Captioned web images
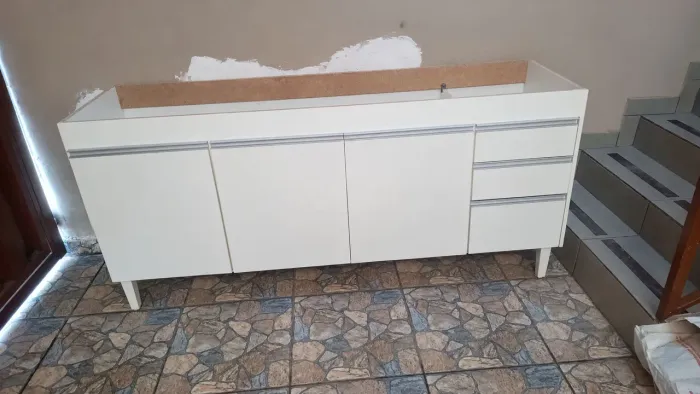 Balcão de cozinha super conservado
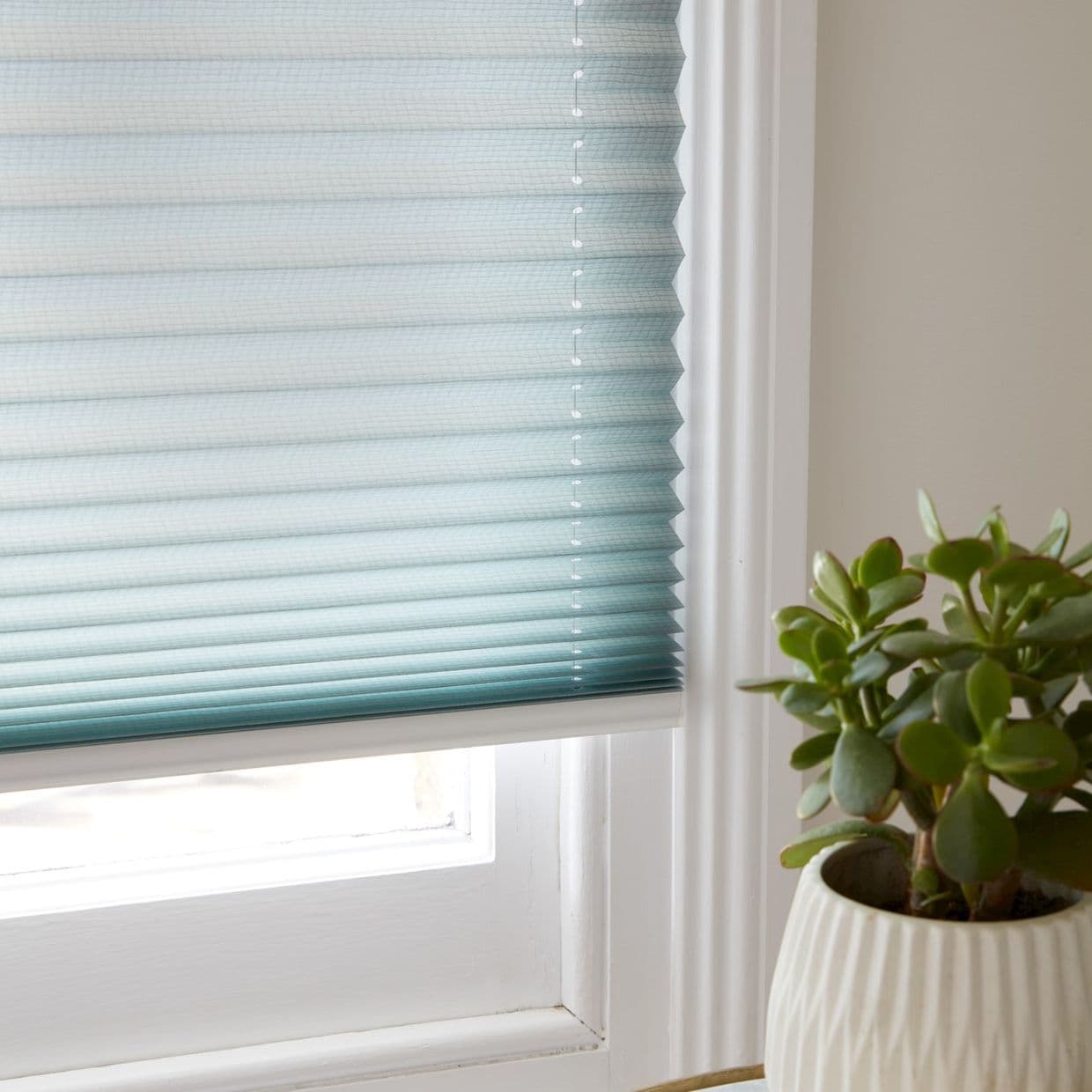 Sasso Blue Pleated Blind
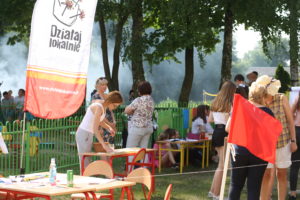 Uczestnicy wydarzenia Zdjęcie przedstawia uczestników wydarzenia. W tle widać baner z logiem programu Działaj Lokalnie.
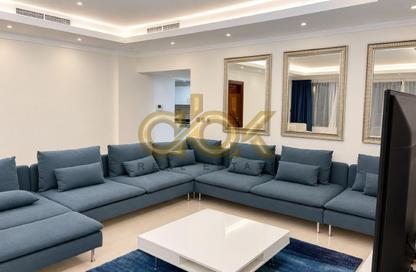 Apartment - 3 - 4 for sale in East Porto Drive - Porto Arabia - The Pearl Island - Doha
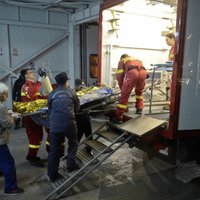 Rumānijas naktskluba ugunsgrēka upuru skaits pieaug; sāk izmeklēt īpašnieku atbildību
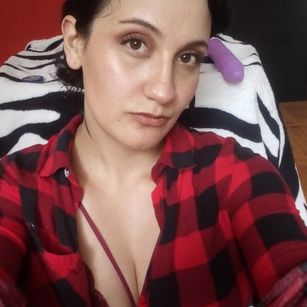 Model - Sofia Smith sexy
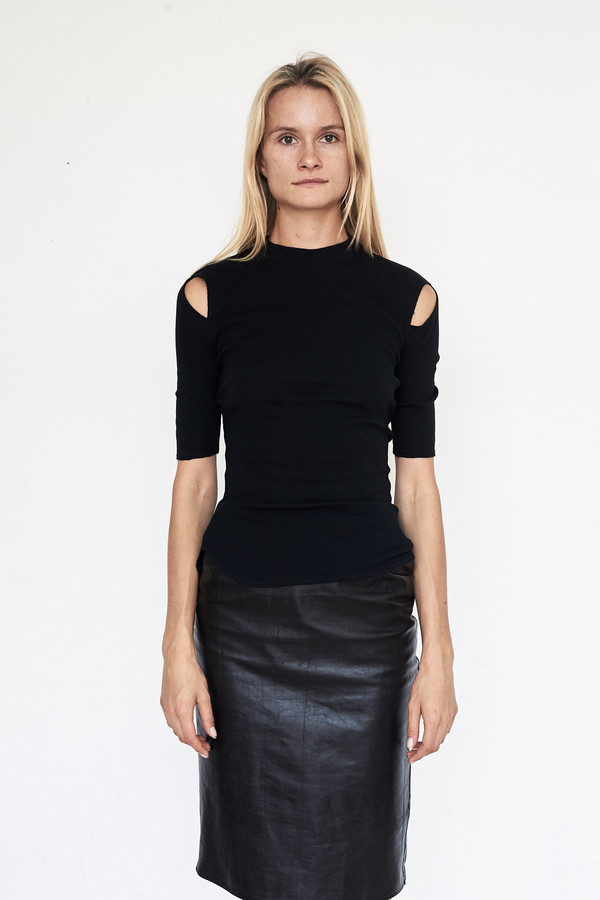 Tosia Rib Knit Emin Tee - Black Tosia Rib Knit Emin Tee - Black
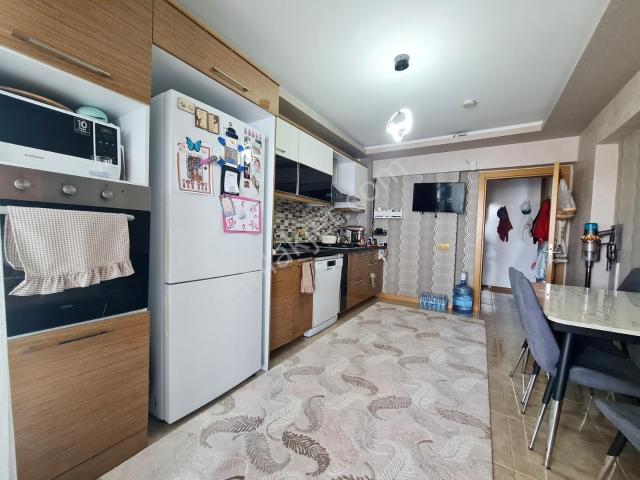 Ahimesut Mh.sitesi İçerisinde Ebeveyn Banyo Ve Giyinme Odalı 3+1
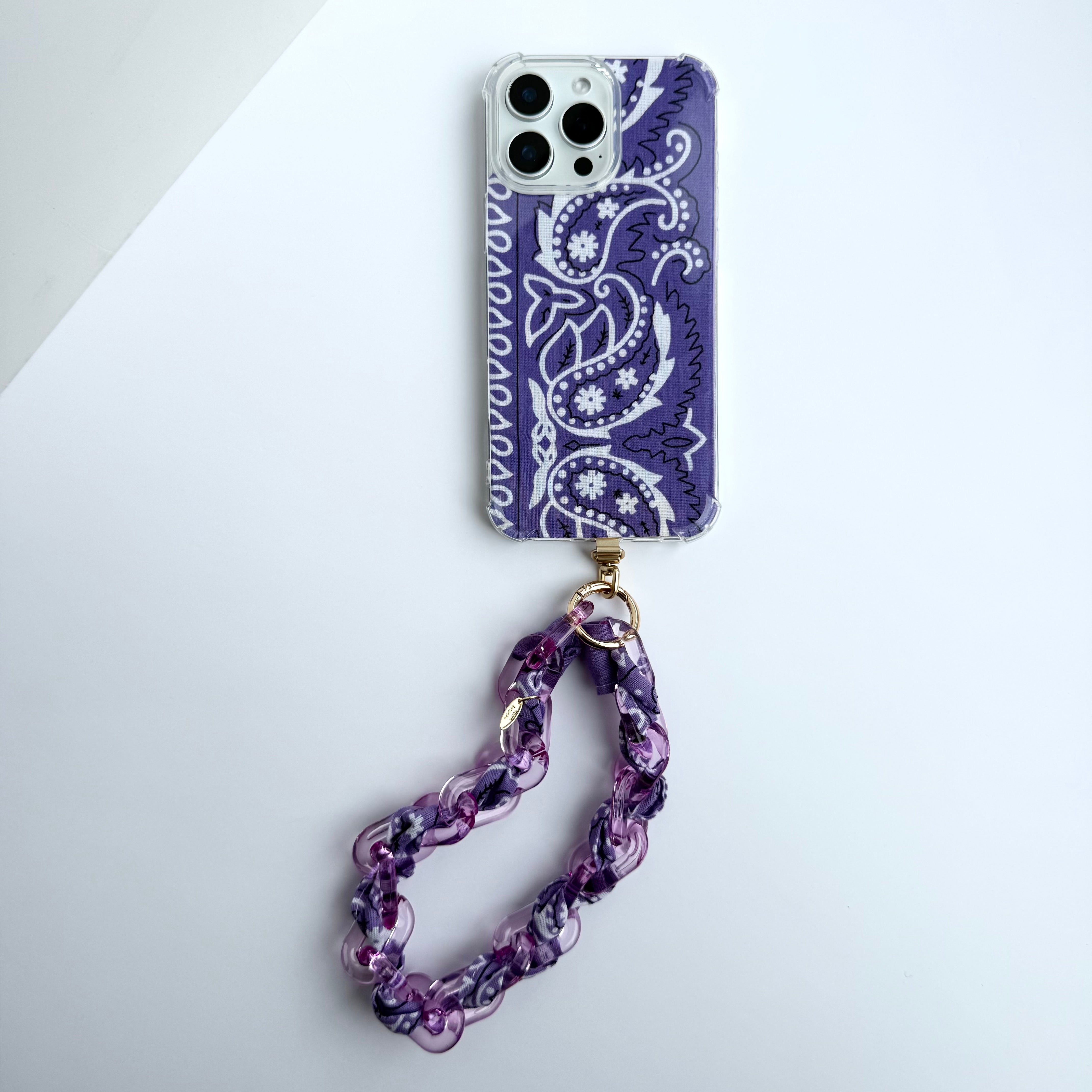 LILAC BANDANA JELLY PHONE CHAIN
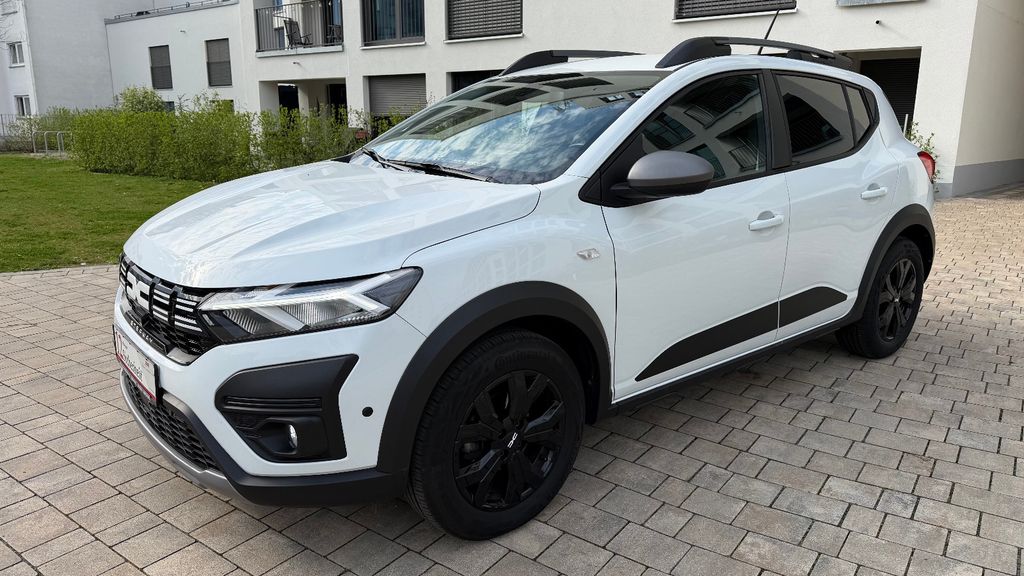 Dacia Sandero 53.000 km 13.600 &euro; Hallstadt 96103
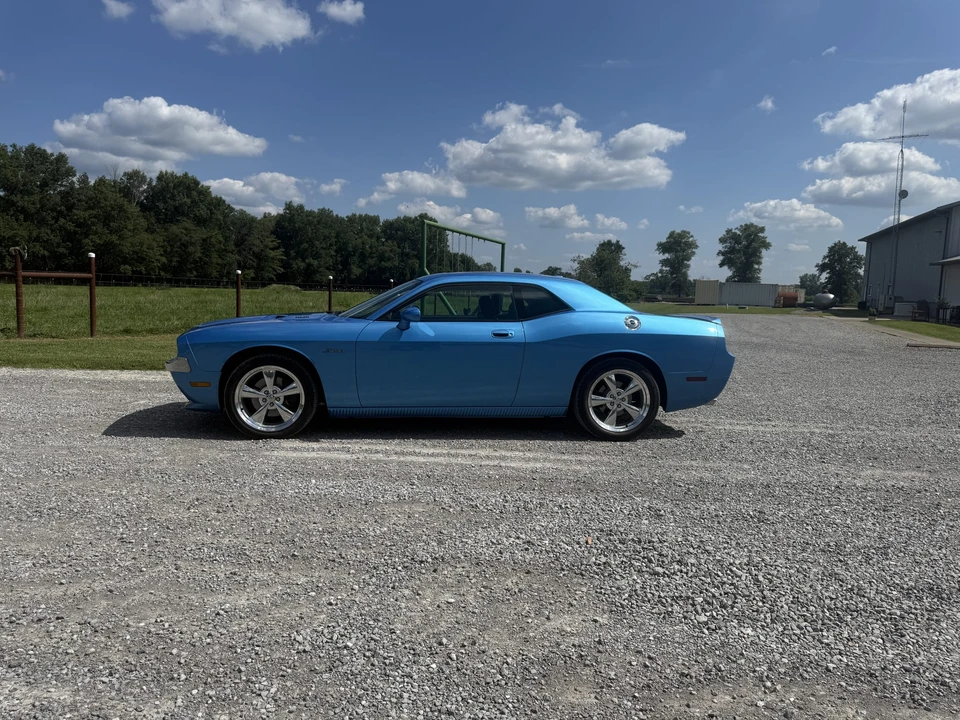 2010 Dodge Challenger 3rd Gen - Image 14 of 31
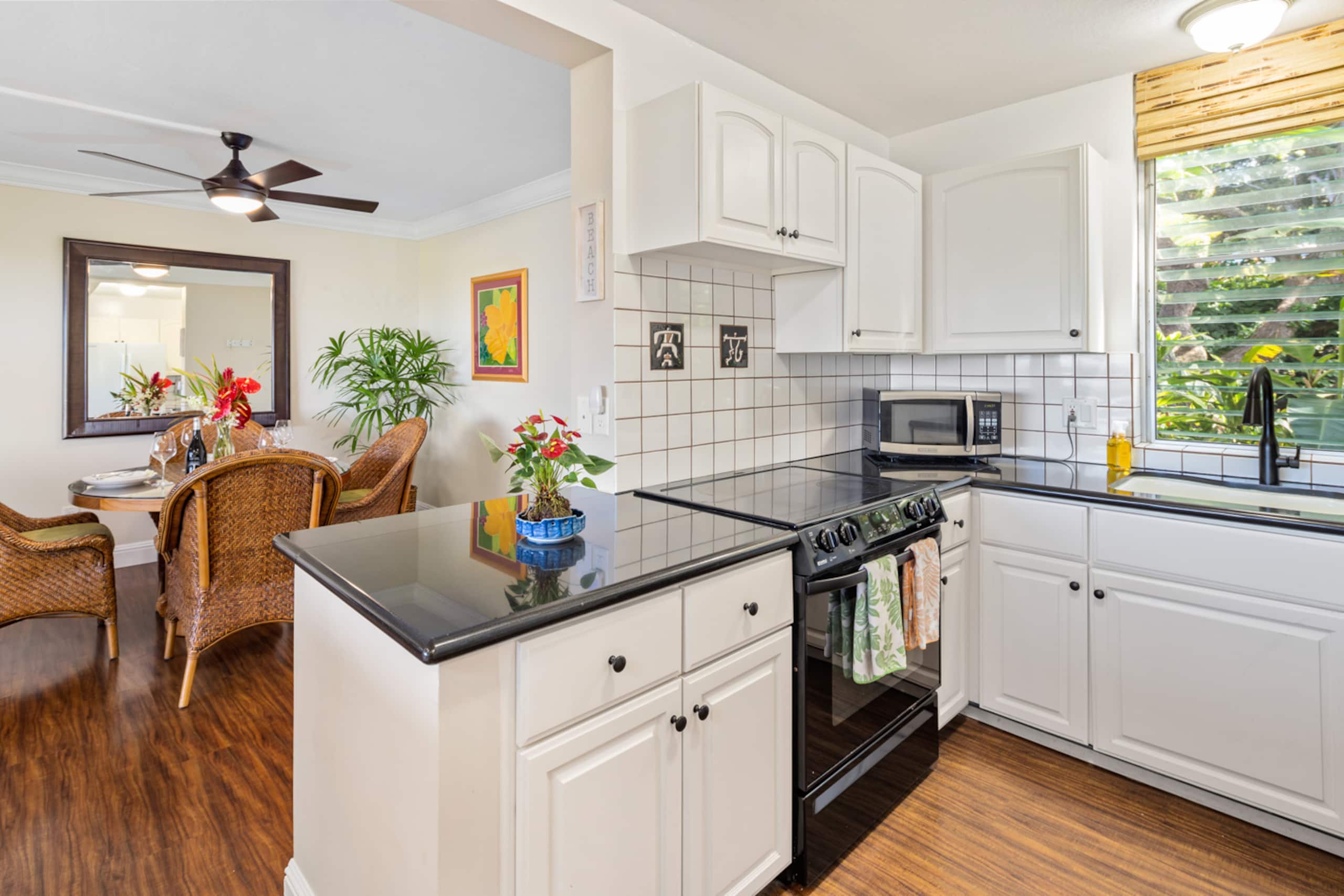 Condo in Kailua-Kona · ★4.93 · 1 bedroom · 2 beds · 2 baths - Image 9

▶ TASK INSTRUCTIONS
Leave the pictures out, then output exactly the lines from the "LILAC BANDANA JELLY PHONE CHAIN" line through the end of the records above, and no others.

▶ SOLVED EXERCISE
 LILAC BANDANA JELLY PHONE CHAIN
 Dacia Sandero 53.000 km 13.600 &euro; Hallstadt 96103
 2010 Dodge Challenger 3rd Gen - Image 14 of 31
 Condo in Kailua-Kona · ★4.93 · 1 bedroom · 2 beds · 2 baths - Image 9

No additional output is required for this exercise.